Début mars, la police a annoncé avoir renforcé ses patrouilles autour des mosquées de Christchurch après que l’un d’eux a posté sur l’application cryptée Telegram un message particulièrement menaçant à l’encontre des fidèles. Son auteur présumé, Sam Brittenden, un ancien étudiant en droit, a été arrêté le 4 mars.

« C’est leur 11-Septembre »

Le jeune homme de 19 ans appartient à Action Zealandia, un groupe apparu à l’été 2019 et qui est devenu l’un des plus connus du pays suite à une série d’incidents impliquant ses militants. Sous le slogan « construire une communauté pour les Néo-Zélandais européens », il promeut la théorie du « grand remplacement » selon laquelle les immigrés se substitueraient progressivement aux peuples dits « de souche ». Un discours partagé par de nombreux activistes dans le monde dont Brenton Tarrant. Dans un manifeste publié sur Twitter, peu avant le carnage, il avait défendu une idéologie mêlant suprémacisme, racia­lisme, ethno­nationalisme et éco­ fascisme. Poursuivi pour 92 chefs d’accusation, il doit être jugé à partir du 2 juin.

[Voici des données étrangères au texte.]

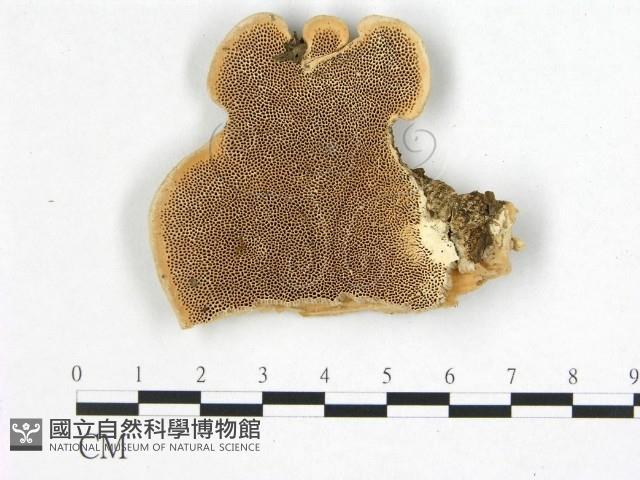 登錄號:F0017282藏品圖，第1張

« Les menaces dont nous faisons l’objet de la part de l’extrême droite ne sont pas nouvelles, nous alertons les autorités depuis des années, affirme Anjum Rahman, coordinatrice nationale du Islamic Women’s Council. Cela nous rassure que la police ait été aussi réactive cette fois-ci. » La responsable de l’organisation a témoigné devant la commission d’enquête royale qui doit déterminer si les services de police et de renseignements auraient pu faire davantage pour prévenir l’attaque. Elle rendra ses conclusions fin avril. Selon les premières informations, les différents services ne connaissaient pas le tueur australien, qui avait beaucoup voyagé avant de s’établir en Nouvelle-Zélande. « Il y a eu une grave défaillance de nos renseignements. C’est leur 11-Septembre », analyse Alexander Gillespie, professeur de droit à l’université de Waikato.

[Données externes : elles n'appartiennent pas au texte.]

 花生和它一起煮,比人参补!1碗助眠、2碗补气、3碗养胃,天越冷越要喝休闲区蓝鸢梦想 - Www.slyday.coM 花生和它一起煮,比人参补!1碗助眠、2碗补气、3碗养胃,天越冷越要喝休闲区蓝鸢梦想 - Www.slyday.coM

Signalements de la population

Depuis, le service de renseignement intérieur néo-zélandais affirme avoir travaillé sans relâche pour « passer en revue tout ce que nous savions sur les groupes d’extrême droite ». Dans les trois mois ayant suivi les fusillades, il a également reçu le soutien de la population qui lui a adressé 455 signalements, dont la plupart en lien avec des propos « racistes, nazis, identitaires ou suprémacistes ». Alors qu’avant l’attaque, tous les regards étaient tournés vers la menace terroriste islamiste, les Néo-Zélandais sont plus attentifs à celle provenant des suprémacistes blancs. « Selon mes calculs, il y a aujourd’hui entre 150 et 300 individus très idéologisés », estime Paul Spoonley, vice-chancelier de l’université Massey, spécialiste de cette mouvance. « Les chiffres ont peu évolué depuis l’année dernière. Je suis davantage préoccupé par le nombre de personnes autoradicalisées sur la Toile – qui passent totalement sous les radars – et qui, lui, pourrait être en augmentation. »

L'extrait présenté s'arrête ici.